MedAlpaca tended to repeat words when responding to non-English queries. For instance, when asked in Hindi about the outlook for chronic kidney disease, it started generating a general answer about the problems of the disease but went on to continuously repeat the phrase “at the last stage.” The researchers also noticed that the model occasionally produced answers in English to questions in Chinese or Hindi—or did not generate an answer at all. These strange results might have occurred because “the MedAlpaca model is significantly smaller than ChatGPT, and its training data is also limited,” says the study’s co-lead author Yiqiao Jin, a graduate student at the Georgia Institute of Technology.
The team found that the answers in English and Spanish, compared with those in Chinese and Hindi, had better consistency across a parameter that artificial intelligence developers call “temperature.” That’s a value that determines the creativity of generated text: the higher an AI’s temperature, the less predictable it becomes when generating a response. At lower temperatures, the models might respond to each health care question with, “Check with your health care professional for more information.” (While this is a safe reply, it’s perhaps not always a helpful one.) The comparable performance across model temperatures might be because of the similarity between English and Spanish words and syntax, Jin says. “Maybe in the internal functioning of those models, English and Spanish are placed somewhat closer,” he adds.
The overall worse performance in non-English languages may result from the way these models were trained, the study authors say. LLMs learn how to string words together from data scraped online, where most text is in English. And Chandra points out that even in nations where English isn’t the majority language, it’s the language of most medical education. The researchers think a straightforward way to tackle this might be to translate health care texts from English into other languages. But building multilingual text datasets at the huge quantities required to train LLMs is a major challenge.
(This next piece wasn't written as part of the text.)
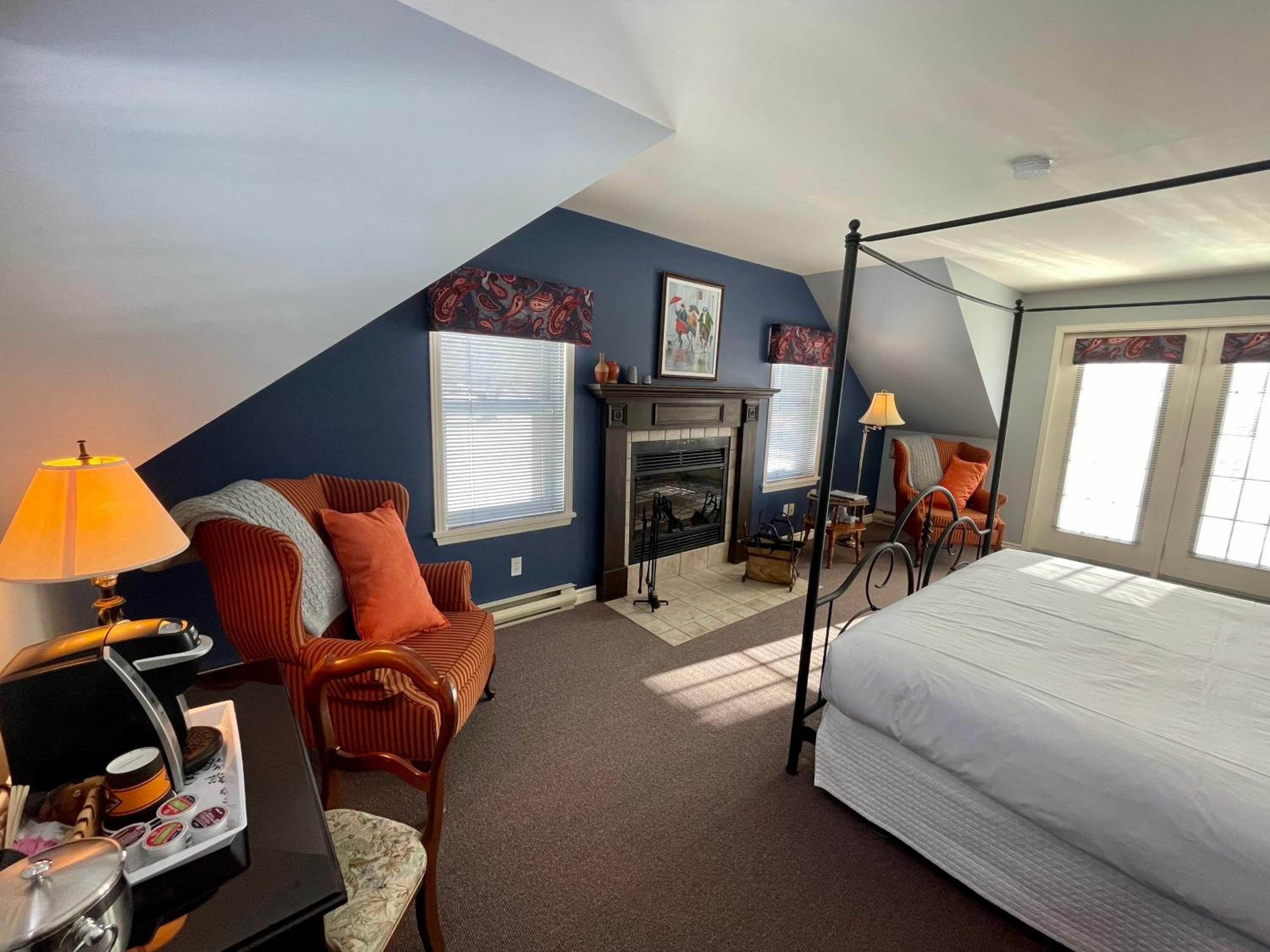 King Room with Balcony photo 3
One option could be to leverage LLMs’ own capability to translate between languages by designing specific models that are trained on English-only data and generate answers in a different language.
But this trick might not work neatly in the medical domain. “One of the problems human translators, as well as machine translation models, face is that the key scientific words are very hard to translate. You might know the English version of the particular scientific term, but the Hindi or Chinese version might be really different,” says Chandra, who also notes that errors in the translation quality of texts in Chinese and Hindi could contribute to the LLM mistakes found in the study.
Additionally, Chandra says, it may be wise to include more medical experts and doctors, especially from the Global South, when training and evaluating these LLMs in non-English use. “Most of the evaluations for health care LLMs, even today, are done with a homogeneous set of experts, which leads to the language disparity we see in this study,” he adds. “We need a more responsible approach.”
*Editor’s Note (4/1/24): This sentence was edited after posting to reflect the current status of the study.